外人観光客と修学旅行生がすごく多かった。
空模様があやしくなって、
“雨が降るだろうが、同じ降るなら土砂降りの雨だったほうが気持ちいい”と言っていると、ふりだして本格的土砂降りになった。
みな縁側から退いて雨しぶきを避ける。
家内が言うには、なにか石の感じが変わってきたような気がする。
“坊さんが少しずつかじってるのかな” と、わたし右手奥の頂上が少しかけた岩を見て、くだらない冗談をいう。 (最初の写真。縁下の溝は激しい雨で ざわざわとあふれかえっている)
遠い昔、国語の実力テストに出題されていた井上 靖の“石庭”という詩が高校生の彼女を石庭にいざなうきっかけとなり、以来幾度となく家内が行くこの庭に、私もまた行くようになった。
石の様子が変わったことについて、単なる気のせいという私のことばに、“いや、そうではない、あの石も、あの石も、なにかちがう”
と言いながら
「それにしてもわたしたちみな、配置された石の位置を強制的に見さされてることになるのよね?・・・」と言い出した。
“はあ?!”
家内はさらに続ける。“私らはこれを絶対と思っている。完全な美の世界としてね。だけど、たとえば、あの石をこっち側に置いて、この石とあの石を入れ替えて、それから、こうして、ああして・・・・、そうなっても、私らはそれに満足して見るのではないか。”
私はなんとなく理解した。
二番目の写真は私の父の長年の友達で画家だった人が40年ほど前に描いた石庭の絵だ。
どういう風に描いているのかとおもって、以前、持っていったのだが、決定的に違う点がある。

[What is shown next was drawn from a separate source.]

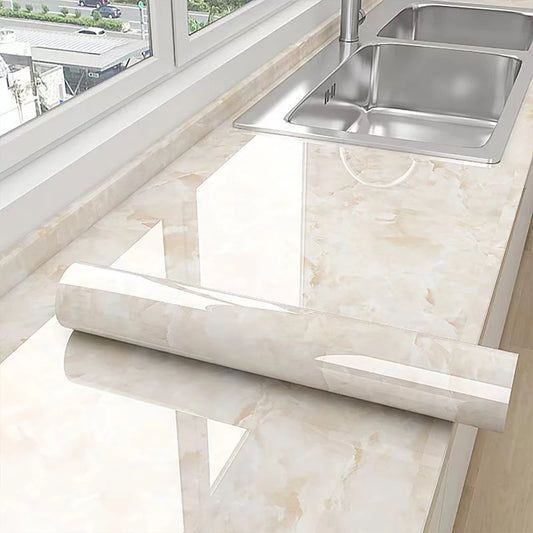 Self Adhesive Marble PVC Film Waterproof Oilproof Wallpaper For Countertops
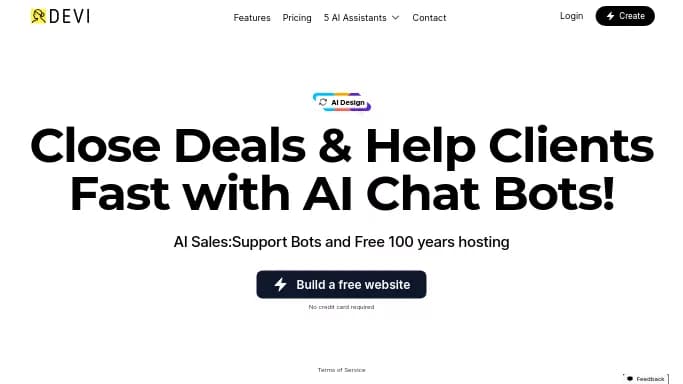 Devi AI Website Builder — бесплатная нейросеть для no Code/Low Code разработки, для дизайна. Бесплатная версия с ограниченным функционалом, есть платные тарифы.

父の友人が描いた絵の土壁の屋根は瓦だが、今は板葺の屋根になっている。78年以降瓦から板葺になったとのことだ。
このことについて、今回の家内の言葉から再度思いだした。絶対的なもの、そして悠久とはなんだろう。
雨はまだやまない。もう1時間以上降っている。時に激しく、ひさしをつたって前の石に跳ね返る様は興があって何とも面白い。
もっとも最初は喜んでいても、観光客は雨で捕虜になった人質のようだ。
激しく降る雨の石庭は初めてだった。今日の石庭はいろいろと想念が浮かび上がって、これもひとえに雨の おかげだろう。
『石 庭』 井上 靖
むかし、白い砂の上に十四個の石を運び、きびしい布石を考えた人間があった。
老人か若い庭師か、その生活も人となりも知らない。
だが、その草を、樹を、苔を否定し、冷たい石のおもてばかり見つめて立った、
ああその落莫たる精神。
ここ龍安寺の庭を美しいとは、そも誰がいひ始めたのであらう。
ひとはいつもここに来て、ただ自己の苦悩の余りに小さきを思はされ、慰められ、暖められ、
そして美しいと錯覚して帰るだけだ。